De ce nombre, près de 335 millions de kg ont été transférés hors du site – comme l'envoi d'une cargaison vers une installation externe – bon an mal an afin d'être éliminés.
Au Canada et aux États-Unis, ces transferts représentent environ 6 % du total des polluants déclarés chaque année, tandis qu'au Mexique, cette proportion est passée de 12 à 34 % sur la période étudiée.
Parmi les polluants qui ont été transférés afin d'être éliminés, 210 présentent des risques pour la santé humaine et l'environnement. Il peut s'agir de cancérogènes connus ou présumés, de substances qui peuvent influer sur le développement et la reproduction ou qui ont le potentiel de persister dans l'environnement, note la Commission.

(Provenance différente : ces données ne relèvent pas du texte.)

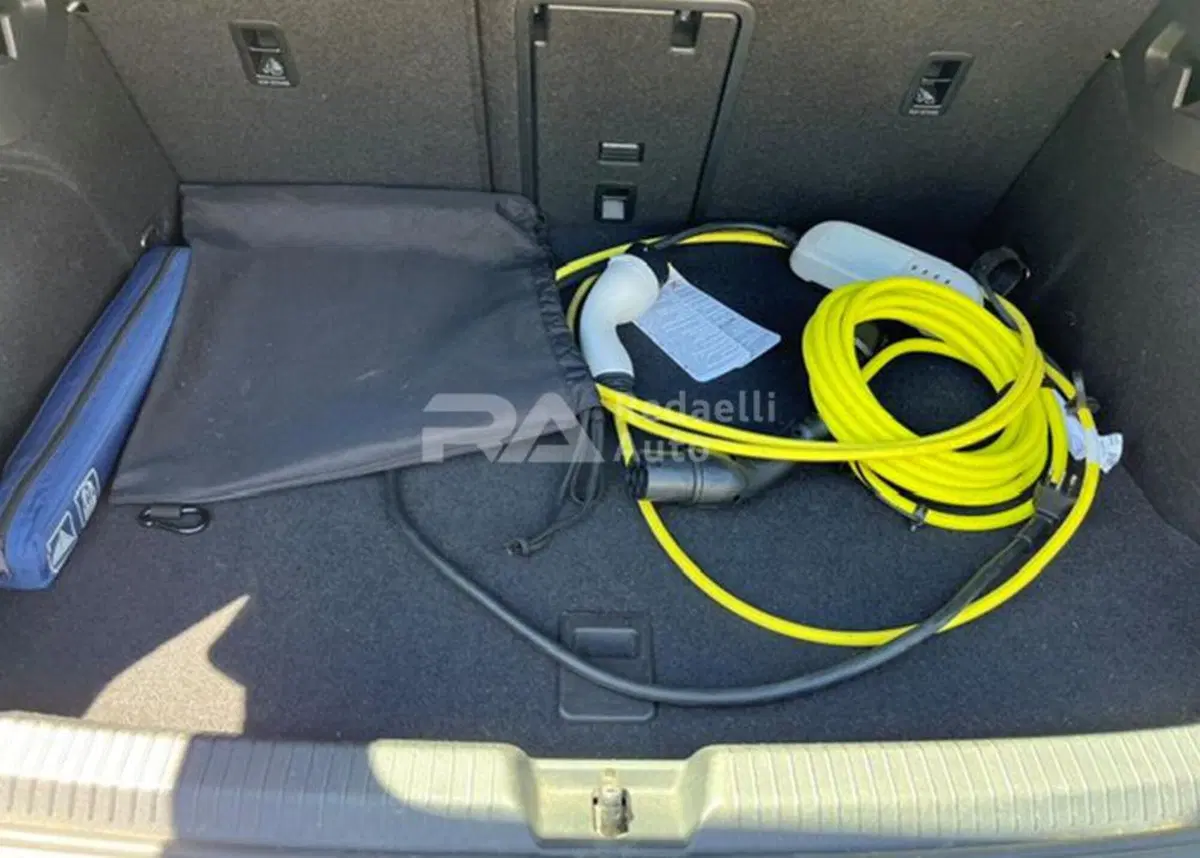 Volkswagen Golf usata a Lecco (9)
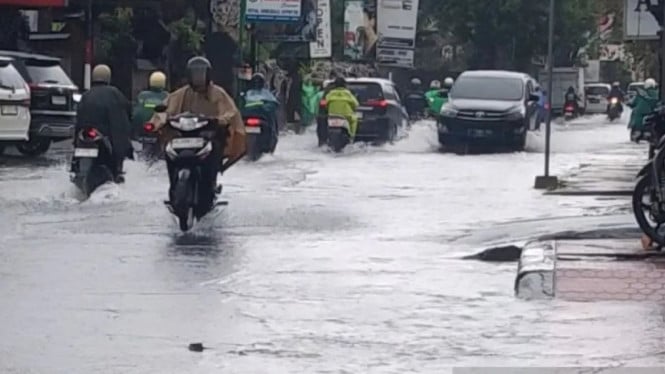 Perkiraan Cuaca di Gianyar hingga 1 Oktober 2025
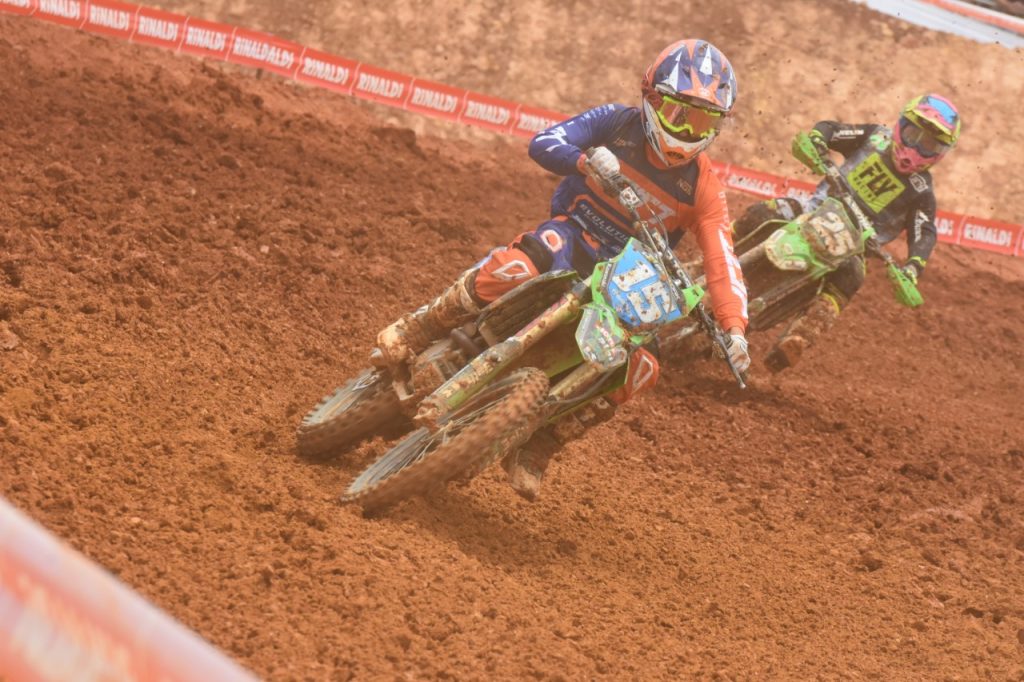 Final do Brasileiro de Motocross, teve vit&oacute;rias e t&iacute;tulo para a Slin Graphics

Or, les critères en vertu desquels les établissements industriels font leur déclaration auprès du Registre de rejets et de transferts de polluants (RRTP) varient d'un pays à l'autre. Ces différences entravent notre aptitude à connaître les risques que présente leur élimination
, indique la CCE dans son rapport.
La Commission déplore de ne pas savoir ce que deviennent certains polluants une fois transférés à des tiers (comme des prestataires de services de gestion des déchets) ou au-delà des frontières nationales
.
Des listes différentes de polluants à déclarer
Les polluants que les établissements sont tenus de déclarer ne sont pas les mêmes d'un pays à l'autre. Le Canada en recense plus de 320, tandis que les États-Unis et le Mexique en comptent respectivement plus de 700 et près de 200.
Les composés de manganèse et de zinc, par exemple, qui font partie des principaux polluants en vertu des volumes déclarés, sont visés par le RRTP au Canada et aux États-Unis, mais pas au Mexique (à l'exception d'un composé de zinc).
Le phosphore total est déclaré en large proportion au Canada; il représente 89 % de tous les transferts pour élimination au pays
, donne en guise d'exemple Danielle Vallée, responsable du volet du Registre de rejets et de transferts de polluants à la CCE.
Ce phosphore, une fois envoyé de l'autre côté de la frontière pour être éliminé, n'a pas à faire l'objet d'une déclaration ni aux États-Unis ni au Mexique.
De la même façon, le baryum, un métal qui compte pour 87 % des transferts déclarés aux États-Unis, n'est pas soumis à déclaration au Canada et au Mexique.
Que se passe-t-il si du baryum transite des États-Unis au Canada ou au Mexique, puis qu'il n'est pas sur la liste des polluants qui doivent être déclarés? On perd justement la capacité de le savoir.
La Commission presse aussi le Canada et le Mexique d'emboîter le pas aux États-Unis en ajoutant les substances perfluoroalkylées et polyfluoroalkylées (PFAS), aussi appelés « polluants éternels » en raison de leur capacité à persister dans l'environnement, à leur liste de polluants à déclarer.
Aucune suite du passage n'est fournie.